Table 8 Overall phones alignment and occurrences for tri3 model

The optional-silence phone ‘sil’ occupies 38.7% of overall frames. Limiting the stats to the 62.1% of frames not covered by an utterance-[begin/end] phone, optional-silence sil occupies 5.7% of frames. Utterance-internal optional-silences sil comprise 2.2% of utterance-internal phones, with duration (median, mean, 95-percentile) of (22,34.1,101). In word boundary analysis, the silence can appear in five different ways in the speech samples: nonwords (sil), begin (sil_B), end (sil_E), internal (sil_I), and singleton (sil_S). Every nonsilence phone has four categories: begin, end, internal, and singleton. For example, ‘ŋ’ nonsilence phone categorization are ŋ _B (begin), ŋ_E (end), ŋ_I (internal), and ŋ_S (singleton).

Fig. 9
figure 9

Overall occurrences of each phone

7.2 WER and WRA

This isolated word recognition system is trained with 15 Adi speakers (6 male and 9 female) and tested with six speakers (three male and three female). The word error rate (WER) and word recognition accuracy (WRA) can determine the efficiency of any speech recognition system. The WER is the least edit distance between the ASR output and the definite transcriptions. Word error rate is typically illustrated in Eqs. (1) and (2) as

$$WER=\frac{Deletions(D)+Substitutions(S)+Insertions(I)}{Total\;number\;of\;the\;words\;(N)}$$
(1)
$$WER\;(\%)=\frac{Deletions\;(D)+Substitutions\;(S)+Insertions\;(I)}{Deletions\;(D)+Substitutions\;(S)+Correct\;Words(C)}\times100$$
(2)

Where N specifies the total number of words, D symbolizes deletion error, S represents the numeral of substitutions error, and I stand for insertion error.
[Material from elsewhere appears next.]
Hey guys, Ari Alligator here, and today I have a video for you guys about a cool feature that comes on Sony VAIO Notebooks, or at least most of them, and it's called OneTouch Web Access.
The word recognition accuracy (WRA) is conferred in Eqs. (3) and (4) as,

$$\text{W}\text{R}\text{A}=\left(1-\text{W}\text{E}\text{R}\right)=\frac{ \text{N}-\text{D}-\text{S}-\text{I}}{\text{N}}=\frac{ \text{C}-\text{I}}{\text{N}}$$
(3)
$$WRA\;(\%)\;=100-WER\;(\%)$$
(4)

In Table 9; Fig. 10, eight recognition results for each model are enlisted. The Monophone, tri1, tri2, tri3, and SGMM model has 33 different recognition outputs. 4140-word utterances of the Adi are considered for every recognition consequence to analyze the performance of different models. Table 9 shows eight different recognition outputs for each model. The best WERs and WRAs are illustrated in the table’s first row of each model. After overall analysis, the Monophone model was the least efficient, whereas SGMM showed the best recognition performance. The best recognition output of the Monophone model led to 92 insertions, 384 deletions, and 657 substitution errors. So, only 3007 words were correctly recognized among 4140 words used for testing. The SGMM model shows three insertions, 177 deletions, and 149 substitution errors, i.e., 3811-word utterances are properly recognized among 4140 words. The best WRAs are shown in bold in the first row of each model.
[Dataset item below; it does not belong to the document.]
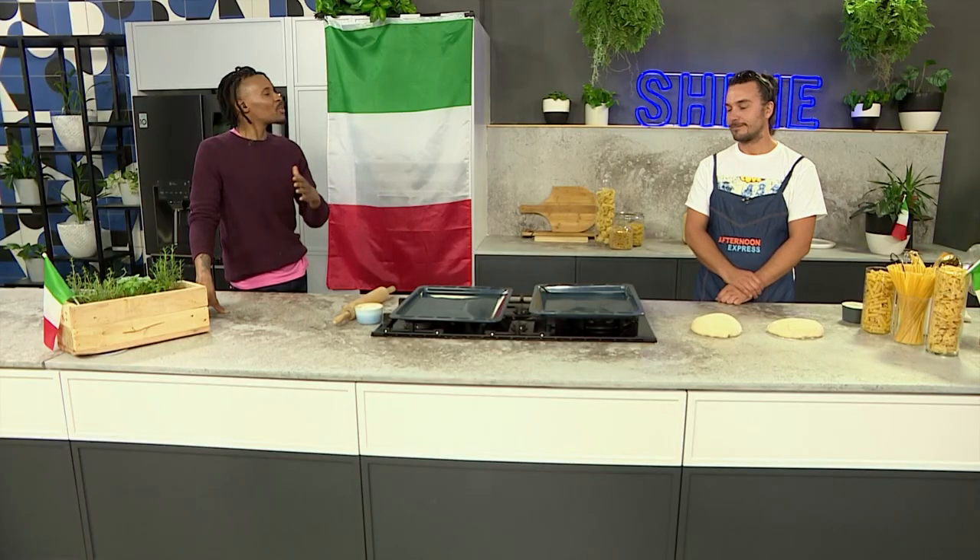If you've ever seen a pizza being flung into the air and thought to yourself, 'I'd like to try that,' well, you're in the right zone. We're back in the kitchen with head pizzaiolo of Ferdinando's Pizza, Diego Melezi, as he shows us how to do just that. We've seen chefs almost show off on TV. There are actually Pizza Olympic Games.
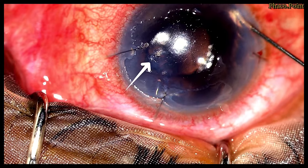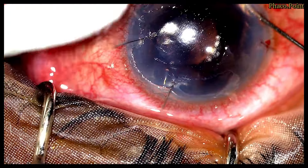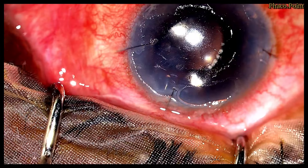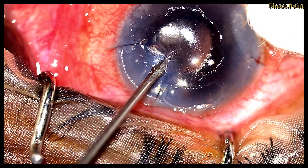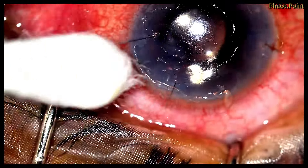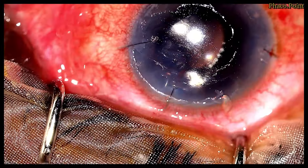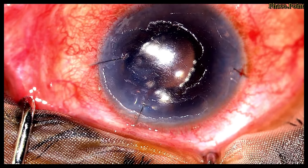I'd like you to now notice the fluid coming out through the freshly created venting incision. These venting incisions are made after stabilizing the globe using a 23-gauge MBR, going through the entire thickness of the stroma. This works best in a chamber filled with air or gas. Note how, following a few minutes of the air injection, the cornea starts to clear — the clearing of the cornea is the sign that indicates that the Descemet's is reattached.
Table 9 Performance analysis of different ASR models
Fig. 10
figure 10

Recognition accuracy of different ASR models

In this work, the authors applied 10,350-word utterances (recordings of 15 speakers) for training and 4140-word utterances (recordings of 6 speakers) for testing, i.e., 71.43% of data used for training and 28.57% for testing. In the monophone model, WRA is 72.63%, and WER is 27.37%. In triphone models, WER was decreased, and the recognition accuracy of tri, tri2, and tri3 became 84.76, 87.54 and 91.06%, respectively. The SGMM model offered the lowest WER of 7.95%. So considering the recognition outputs of each model, Fig. 10 shows SGMM has the highest recognition accuracy, followed by Tri-3, Tri-2, Tri-1, and Monophone models. Although SGMM offers the highest recognition outputs for decoding results, some recognition outputs of the Tri-3 model performed better than SGMM.
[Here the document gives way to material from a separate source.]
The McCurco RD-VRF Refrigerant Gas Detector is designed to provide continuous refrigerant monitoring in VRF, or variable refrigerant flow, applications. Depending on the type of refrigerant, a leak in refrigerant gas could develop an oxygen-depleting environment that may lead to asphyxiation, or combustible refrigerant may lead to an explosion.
7.3 WER for individual speakers

Among 21 speakers, six speakers’ speech samples have been used for testing. The WER can be calculated separately for different speakers with different models. The WER of individual speakers are given in Tables 10, 11, 12, 13 and 14, considering substitution, insertion, and deletion errors with the number of uttered words and correctly recognized words for Monophone, Triphone, and SGMM models. Whereas, Figs. 11, 12, 13, 14 and 15 demonstrates the performance analysis for individual speakers for the corresponding five models.

Table 10 WER analysis of Monophone model for individual speaker
Table 11 WER analysis of Tri-1 model for individual speaker
Table 12 WER analysis of Tri-2 model for individual speaker
Table 13 WER analysis of Tri-3 model for individual speaker
Table 14 WER analysis of SGMM for individual speaker
Fig. 11
figure 11

Monophone model performance analysis for individual speaker

Fig. 12
figure 12

Tri-1 model performance analysis for individual speaker

Fig. 13
figure 13

Tri-2 model performance analysis for individual speaker

Fig. 14
figure 14

Tri-3 model performance analysis for individual speaker

Fig. 15
figure 15

SGMM performance analysis for individual speaker

8 Conclusion

This research signifies the first initiative to build an ASR system for a low-resource Arunachali endangered tribal language, ‘Adi.' In this work, an isolated word recognition system has been developed on the Kaldi toolkit using speech samples from native Adi speakers. MFCC features were extracted from the speech samples and were used in the ASR system. Out of 14490-word utterances in the dataset with 2088 unique Adi words, 10350-word utterances (recordings of 15 speakers) were used for training, and 4140-word utterances (recordings of 6 speakers) were used for testing, i.e., 71.43% of the dataset was used for training, and 28.57% of the dataset was used for testing. The monophone model achieved a WRA of 72.63% and a WER of 27.37%. In triphone models, the WER decreased as the system complexity increased; the recognition accuracy achieved using the tri1 model, tri2 model, and tri3 model are 84.76, 87.54, and 91.06%, respectively. The SGMM model offered the lowest WER of 7.95%. Further, it was also observed that WER varies from speaker to speaker. In this work lowest WER of 0.58% was observed with speaker’ 004F’.

9 Future scope

Future works for the current research may include testing of the models with a larger speech corpus of different age group and dialects. Additionally, noisy data may be applied in these present models to make this Adi ASR system more robust and efficient. Development of various ASR applications in the upcoming future will be helpful to preserve this low recourse tribal language in this digitalized era.